WHAT YOU SHOULD DO:
Provide only the number of lines below that hold "Waist".

[Items from a dataset]
****

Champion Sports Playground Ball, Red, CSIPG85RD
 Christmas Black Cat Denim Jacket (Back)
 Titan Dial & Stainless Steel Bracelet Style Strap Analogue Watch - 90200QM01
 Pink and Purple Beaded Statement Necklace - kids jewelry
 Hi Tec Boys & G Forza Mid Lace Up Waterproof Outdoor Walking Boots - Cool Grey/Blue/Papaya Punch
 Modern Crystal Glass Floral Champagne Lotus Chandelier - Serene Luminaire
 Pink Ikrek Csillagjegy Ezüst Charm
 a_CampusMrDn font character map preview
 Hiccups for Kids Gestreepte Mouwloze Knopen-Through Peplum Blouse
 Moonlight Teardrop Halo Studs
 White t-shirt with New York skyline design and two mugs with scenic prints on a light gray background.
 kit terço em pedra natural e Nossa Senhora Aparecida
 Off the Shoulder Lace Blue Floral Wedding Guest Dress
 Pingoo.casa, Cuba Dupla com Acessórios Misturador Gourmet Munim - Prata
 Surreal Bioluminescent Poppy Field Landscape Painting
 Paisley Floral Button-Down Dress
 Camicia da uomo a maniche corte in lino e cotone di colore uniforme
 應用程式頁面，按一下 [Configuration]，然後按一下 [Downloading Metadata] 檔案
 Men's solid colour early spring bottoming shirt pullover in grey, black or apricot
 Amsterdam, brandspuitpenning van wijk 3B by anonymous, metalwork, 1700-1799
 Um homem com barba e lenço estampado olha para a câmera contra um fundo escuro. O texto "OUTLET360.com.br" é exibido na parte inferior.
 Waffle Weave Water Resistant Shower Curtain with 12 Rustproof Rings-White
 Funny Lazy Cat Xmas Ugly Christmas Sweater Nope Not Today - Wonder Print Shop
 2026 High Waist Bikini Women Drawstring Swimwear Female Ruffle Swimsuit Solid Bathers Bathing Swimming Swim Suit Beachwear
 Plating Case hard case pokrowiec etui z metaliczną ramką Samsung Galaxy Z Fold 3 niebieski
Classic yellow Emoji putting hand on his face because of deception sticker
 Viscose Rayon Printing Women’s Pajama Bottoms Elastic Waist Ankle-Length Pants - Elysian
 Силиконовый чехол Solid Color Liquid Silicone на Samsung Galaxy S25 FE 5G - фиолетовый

****

RESPONSE FOR THIS EXERCISE:
2